▸ **Problem statement**:
Retype every record exactly. Skip the images.

▸ **Data listing**:
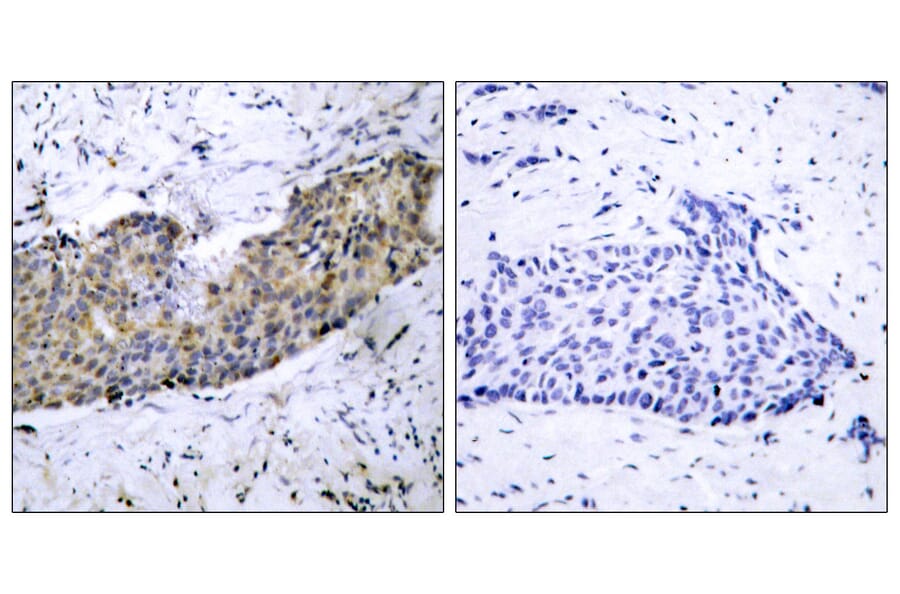 Immunohistochemistry - Anti-VEGFR2 Antibody (B7253) - Antibodies.com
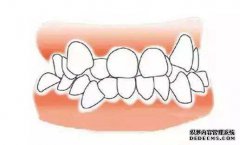 造成牙齿拥挤的原因是什么？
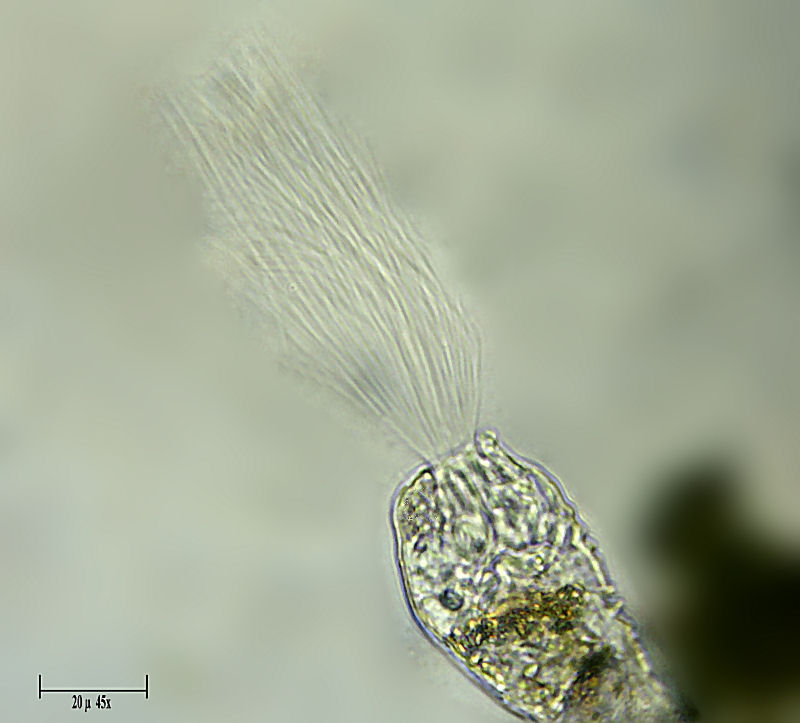 un rotifero dalle cilia lunghissime - Collotheca sp.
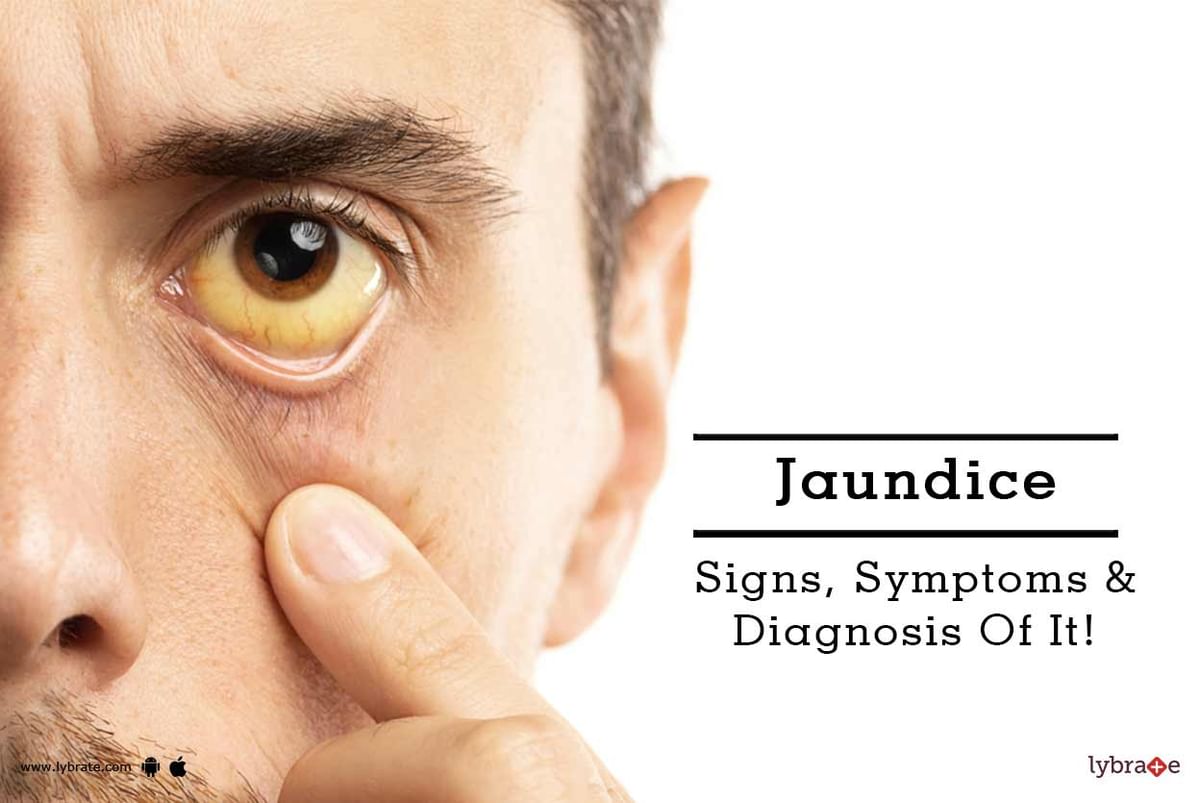Jaundice - Signs, Symptoms & Diagnosis Of It! - By Dr. Sunaina Rohatgi |  Lybrate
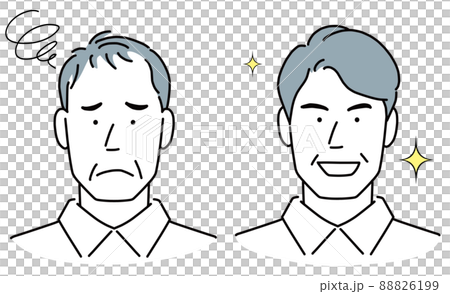 The head of a middle-aged man suffers from thinning hair. 88826199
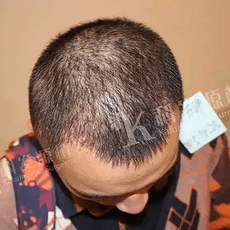 武汉靠谱植发医院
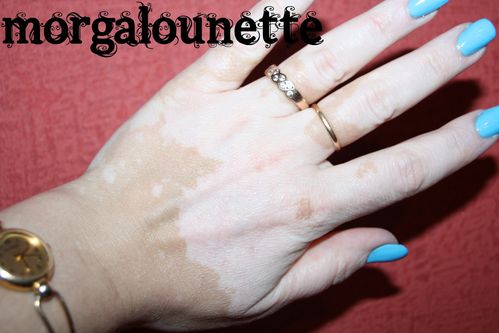morgalounette et vitiligo morgalounette et vitiligo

▸ **Your response**:
 Immunohistochemistry - Anti-VEGFR2 Antibody (B7253) - Antibodies.com
 造成牙齿拥挤的原因是什么？
 un rotifero dalle cilia lunghissime - Collotheca sp.
Jaundice - Signs, Symptoms & Diagnosis Of It! - By Dr. Sunaina Rohatgi |  Lybrate
 The head of a middle-aged man suffers from thinning hair. 88826199
 武汉靠谱植发医院
morgalounette et vitiligo morgalounette et vitiligo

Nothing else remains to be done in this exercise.